Start Savannah Way Kurz vor Sonnenaufgang, ca. 6:30, stehen wir auf und beginnen das Morgenprozedere. Das will geübt sein, beim ersten Mal läuft's noch etwas chaotisch. Gasflasche aus der Box rechts hinten am Jeep heraus holen; Gaskocher aufstellen und mit Schlauch an der Bombe anschließen; Kaffeewasser und einen zweiten Topf Wasser mit drei Eiern aufstellen; Frühstückstisch decken; zweierlei Toastbrot - weißes und Vollkorn - Philadelphia Streichkäse, Butter, Schinken, Marillenmarmelade; Kaffee aufgießen; Kännchen auf den ´Tisch stellen; Eier sind perfekt weich gekocht, wenn das Wasser zu sprudeln beginnt. Wir genießen das erste Camping-Frühstück. Danach muss das Geschirr gespült werden. Der Landcruiser wird durch Verstauen aller Gerätschaften und des Gepäcks fahrtauglich gemacht. Nun noch die Morgentoilette und dann kann's los gehen.

Wir sind noch vor 8 p.m. wieder on the road. Nach kurzer Irrfahrt finden wir den Highway 1, den Kennedy Highway, der nach Westen führt. Der so genannte Savannah Way verbindet Cairns am Indischen Ozean mit Broome am Pazifik über ca. 3500 km Straßen unterschiedlicher Qualität.

blühende Akazien
Millstream Falls
Das erste Ziel sind die Undara Lava Tubes, 270 km westlich von Cairns. Unterwegs halten wir kurz bei den Millstream Falls. Die sind nicht besonders spektakulär, aber geologisch interessant. Das Wasser fällt über eine Stufe aus erstarrter Lava. Man erkennt die sechskantigen Säulen, die beim Auskühlen des Magmas entstehen. Der nächste Stopp ist beim Kunsttischler in Tolga im Atherton Table Land. Den besuchen wir nun schon das dritte Mal. Wir kaufen da ein paar Geschenke ein.

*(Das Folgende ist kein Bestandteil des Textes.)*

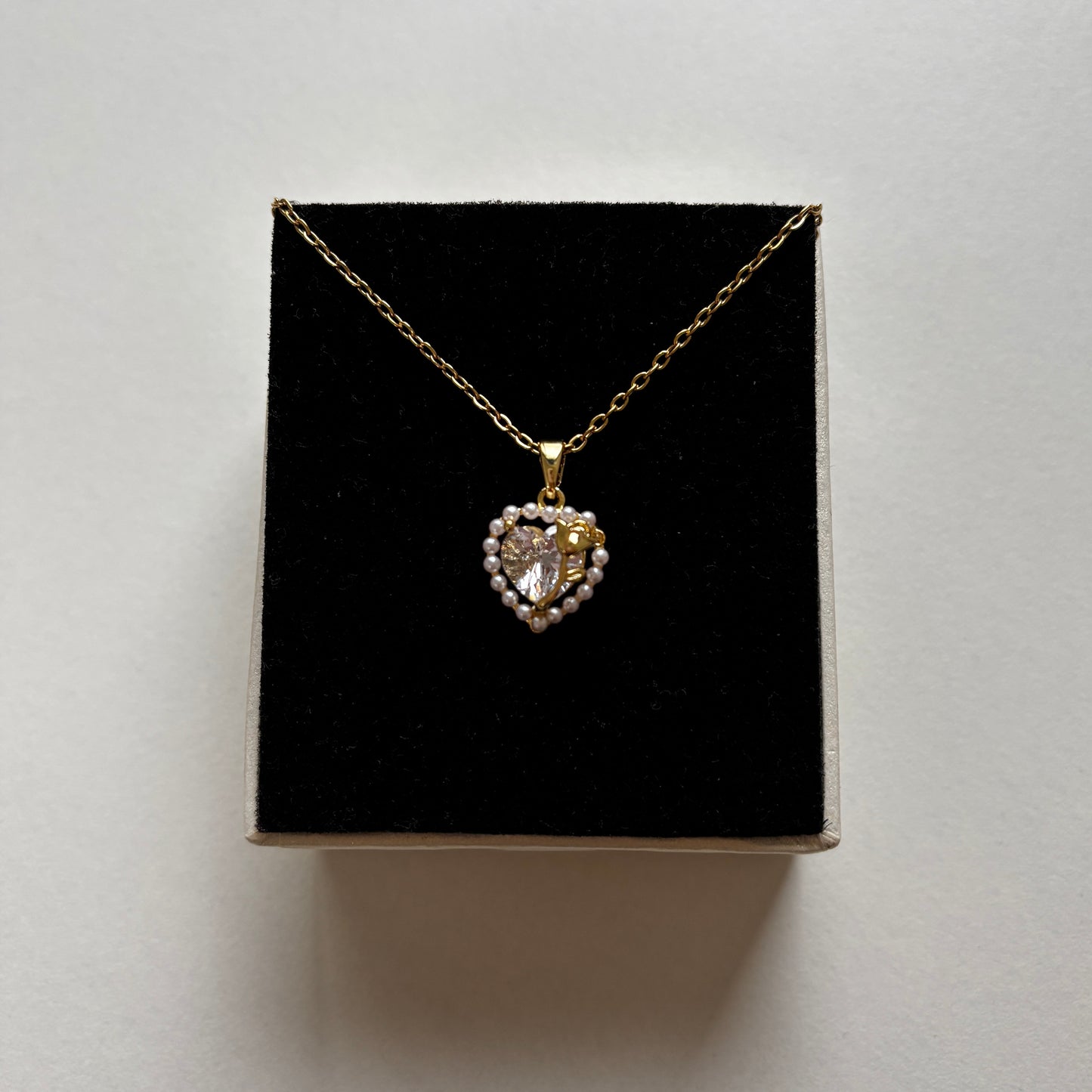 Pearly Heart and Rose Necklace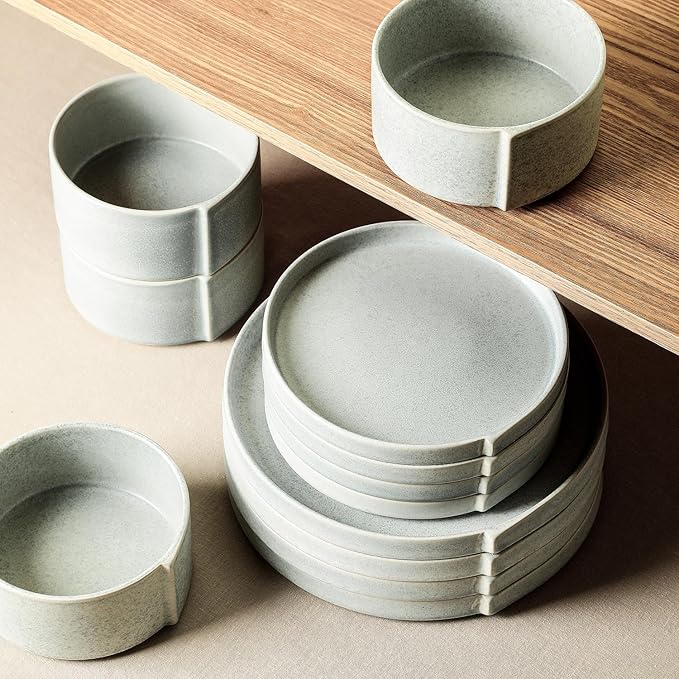 Stone Lain Bao 12-Piece Dinnerware Set Stoneware, Plates and Bowls Set, Dishwasher and Microwave Safe, Dish Set for 4, Blue-Grey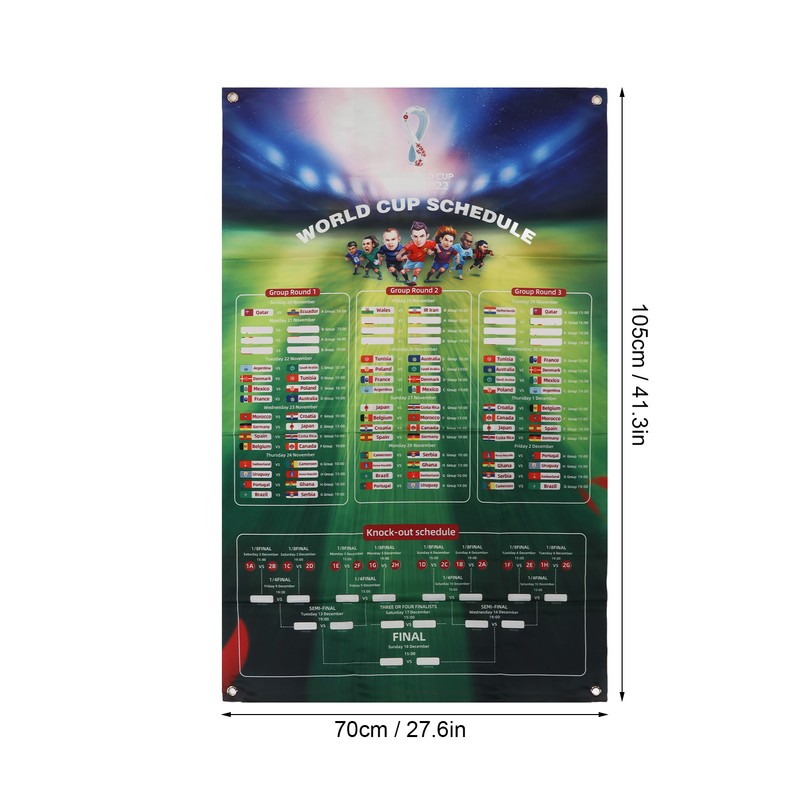 Football Game Wall Chart Portable Home Bar Office 2022 Soccer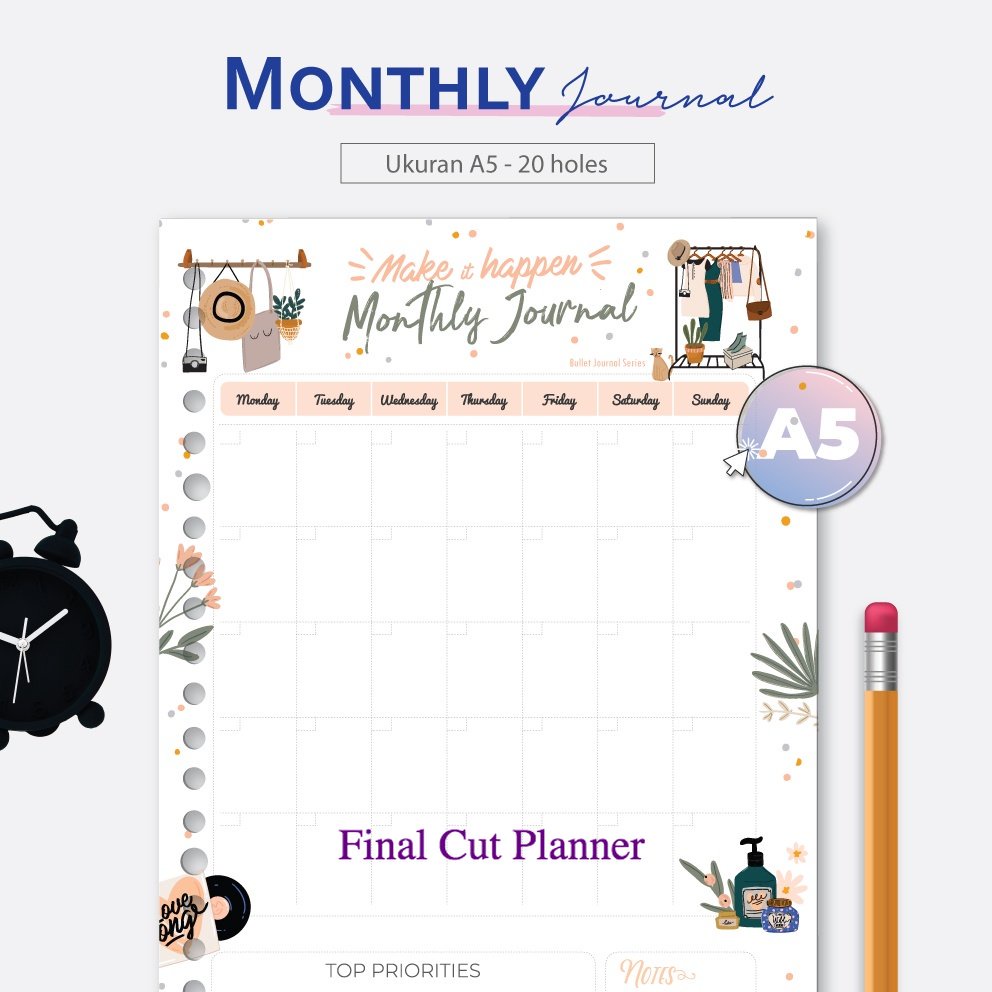 

Bukuqu Loose Leaf A5 - L229 Monthly Journal Kertas Binder .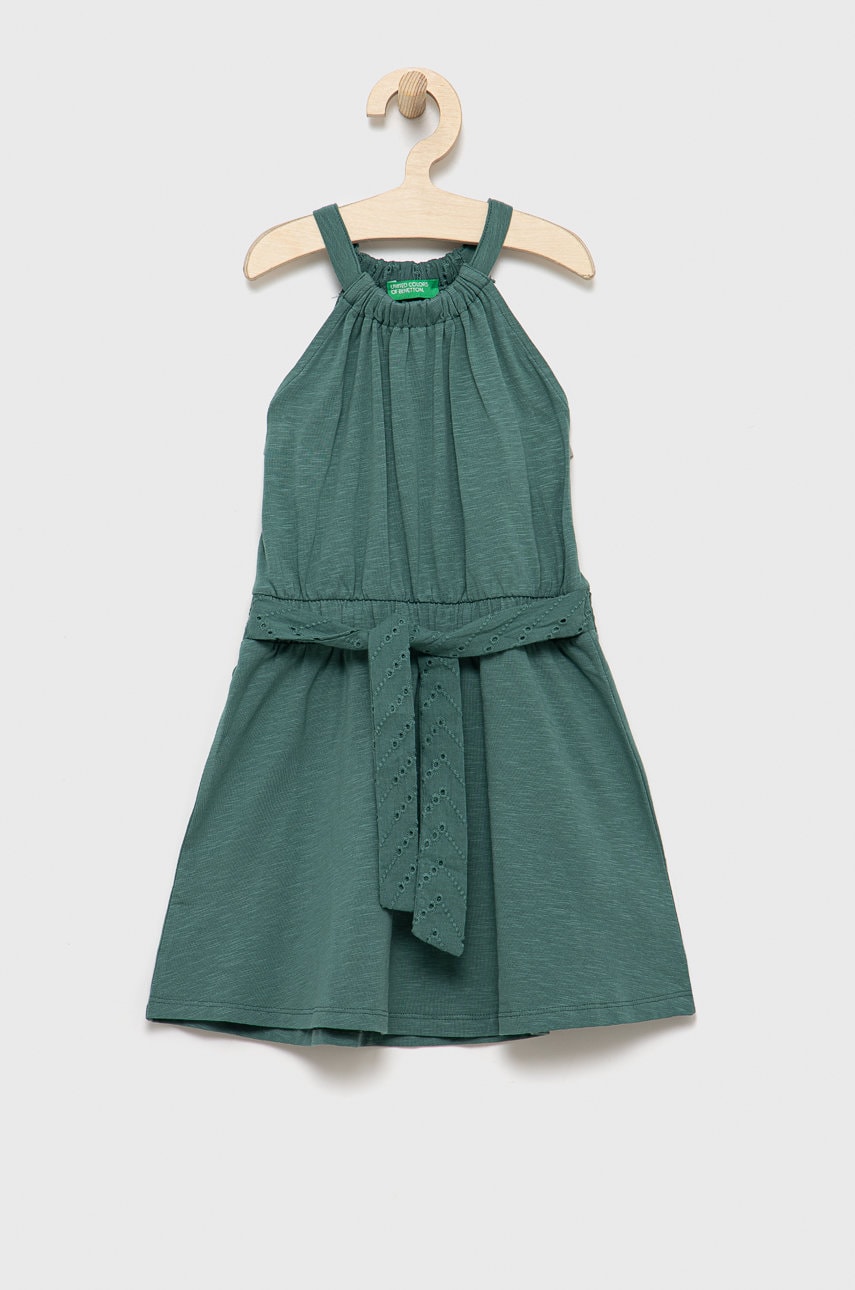 United Colors Of Benetton rochie fete culoarea verde, midi, evazati
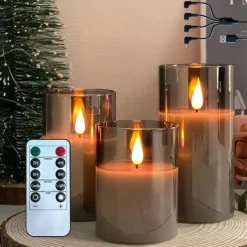 3pcs Flameless LED Candle Lights with Remote Control, AAA Battery Powered Flashing Night Lamp for Christmas, Wedding, Party, Halloween, Home, Bedroom Holiday Decoration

Undara erreichen wir um 3 p.m.. Leider sind heute keine Führungen mehr, wir müssen uns bis morgen Früh gedulden. Wir stellen uns im hiesigen Caravan Park ein, erfrischen uns im Pool und bereiten das Abendessen: faschierte Laibchen mit Paradeisersalat. Es gibt viele Tiere hier im Park, Kängurus, Wallabies und auch ein Cookaburra war zu sehen und zu hören. Vor dem Schlafengehen - es ist 7:30 und die Sonne ist eben untergegangen - schreibe ich im Tagebuch. Elfi schmökert noch in ihrem Buch und geht dann duschen. Nach einiger Zeit gehe ich ihr zu den Duschanlagen entgegen. Es ist ja schon stockfinster und ich ahne, dass Elfi's verbesserungswürdiger Orientierungssinn hier zu Problemen führen könnte. Als ich dort ankomme, sehe ich im Wald auf der anderen - der falschen -  Seite eine Taschenlampe flackern. Sie ist tatsächlich mit ihrer Lampe suchend in genau der entgegengesetzten Richtung unterwegs. Ist noch mal gut gegangen :-)

 

Cookaburra
Wallaby

[zurück zum Kalender 2008]

Mi., 05.11.2008
Undara Lava Tubes, Normanton

Undara Lava Tubes
Undara Lava Tubes
Um 6 Uhr aus den Feder, Frühstück. Wir müssen um 8 an der Rezeption sein, da werden die Teilnehmer an der Führung gesammelt. Der Guide ist ein witziger Typ. Er ruft uns mit "Wol .. ahm .. pitsch?", oder so ähnlich. Alle steigen in einen Kleinbus, der angenehm klimatisiert ist. Wir fahren ein paar km ins Gelände. Der Guide erklärt die geologische Geschichte der Landschaft. Vulkanausbrüche vor 190000 Jahren, gewaltige Lavaströme, die bis zum Ozean reichten. Mehr als 20 km3 Lava haben sich hier ergossen. Die Ströme erstarrten an der Oberfläche, darunter floss die Lava weiter. So bildeten sich geräumige Tunnel, die Undara Lava Tubes, der Grund weswegen wir hier sind. Die Tunnel sind echt eindrucksvoll, 15m breit und 6 bis 8m hoch. Die Führung dauert 2 Stunden. Nach der Rückkehr von den Tubes können wir sofort aufbrechen, da wir den Jeep schon vorher abfahrtbereit gemacht hatten.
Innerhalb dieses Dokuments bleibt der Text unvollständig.